Scientists on Thursday unveiled the most exhaustive database yet of the proteins that form the building blocks of life, in a breakthrough observers said would "fundamentally change biological research".
Every cell in every living organism is triggered to perform its function by proteins that deliver constant instructions to maintain health and ward off infection.
Unlike the genome – the complete sequence of human genes that encode cellular life – the human proteome is constantly changing in response to genetic instructions and environmental stimuli.
Understanding how proteins operate – the shape in which they end up, or "fold" into – within cells has fascinated scientists for decades.
But determining each protein's precise function through direct experimentation is painstaking.
Fifty years of research have until now yielded only 17 percent of the human proteome's amino acids, the subunits of proteins.
On Thursday, researchers at Google's DeepMind and the European Molecular Biology Laboratory (EMBL) unveiled a database of 20,000 proteins expressed by the human genome, freely and openly available online.
They also included more than 350,000 proteins from 20 organisms such as bacteria, yeast, and mice that scientists rely on for research.
To create the database, scientists used a state-of-the-art machine learning program that was able to accurately predict the shape of proteins based on their amino acid sequences.
Instead of spending months using multi-million dollar equipment, they trained their AlphaFold system on a database of 170,000 known protein structures.
The AI then used an algorithm to make accurate predictions of the shape of 58 percent of all proteins within the human proteome.

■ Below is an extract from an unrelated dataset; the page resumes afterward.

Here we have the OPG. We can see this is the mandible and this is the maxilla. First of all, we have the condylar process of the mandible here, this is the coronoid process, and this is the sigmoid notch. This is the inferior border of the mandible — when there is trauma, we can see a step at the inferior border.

This more than doubled the number of high-accuracy human protein structures that researchers had identified during 50 years of direct experimentation, essentially overnight.

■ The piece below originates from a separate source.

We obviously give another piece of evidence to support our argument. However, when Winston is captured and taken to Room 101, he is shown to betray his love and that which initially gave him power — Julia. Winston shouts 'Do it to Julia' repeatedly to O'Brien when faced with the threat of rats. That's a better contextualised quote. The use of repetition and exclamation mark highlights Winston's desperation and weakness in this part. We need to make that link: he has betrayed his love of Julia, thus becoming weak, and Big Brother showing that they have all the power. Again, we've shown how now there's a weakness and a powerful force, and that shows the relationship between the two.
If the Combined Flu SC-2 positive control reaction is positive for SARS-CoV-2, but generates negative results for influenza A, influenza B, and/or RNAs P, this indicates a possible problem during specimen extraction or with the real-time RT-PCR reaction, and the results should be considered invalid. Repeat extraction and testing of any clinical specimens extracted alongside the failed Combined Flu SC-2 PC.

The potential applications are enormous, from researching genetic diseases and combating anti-microbial resistance to engineering more drought-resistant crops.
Paul Nurse, winner of the 2001 Nobel Prize for Medicine and director of the Francis Crick Institute, said Thursday's release was "a great leap for biological innovation".

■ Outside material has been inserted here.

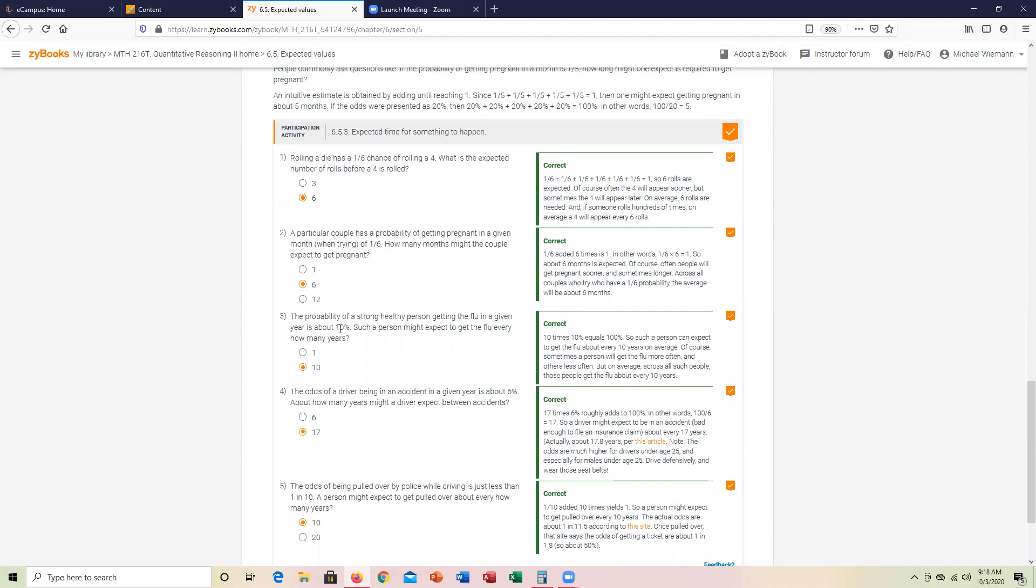10% would be one out of 10 as a fraction. On average, 10 years.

"With this resource freely and openly available, the scientific community will be able to draw on collective knowledge to accelerate discovery, ushering in a new era for AI-enabled biology," he said.
John McGeehan, director for the Centre for Enzyme Innovation at the University of Portsmouth, whose team is developing enzymes capable of consuming single-use plastic waste, said AlphaFold had revolutionized the field.
"What took us months and years to do, AlphaFold was able to do in a weekend. I feel like we have just jumped at least a year ahead of where we were yesterday," he said.
The ability to predict a protein's shape from its amino acid sequence using a computer rather than experimentation is already helping scientists in a number of research fields.
AlphaFold is already being used in research into cures for diseases that disproportionately affect poorer countries.
One US-based team is using the AI prediction to study ways of overcoming strains of drug-resistant bacteria.
He said AlphaFold had essentially solved the so-called "protein-folding problem", which argued that the 3D structure of a given protein should be determinable from its amino acid sequence, and which had puzzled scientists for half a century.
Given that the number of shapes a protein could theoretically take is astronomically large, the protein-fold problem was partly one of processing power.
The task was so daunting that in 1969 US molecular biologist Cyril Levinthal famously theorized that it would take longer than the age of the known universe to enumerate all possible protein configurations using brute calculation.
But with AlphaFold capable of performing a mind-dizzying number of calculations every second, the problem stood no chance when faced with AI and algorithms.
"It has occurred long before many people in the field would have predicted," Ramakrishnan said.
"It will be exciting to see the many ways in which it will fundamentally change biological research."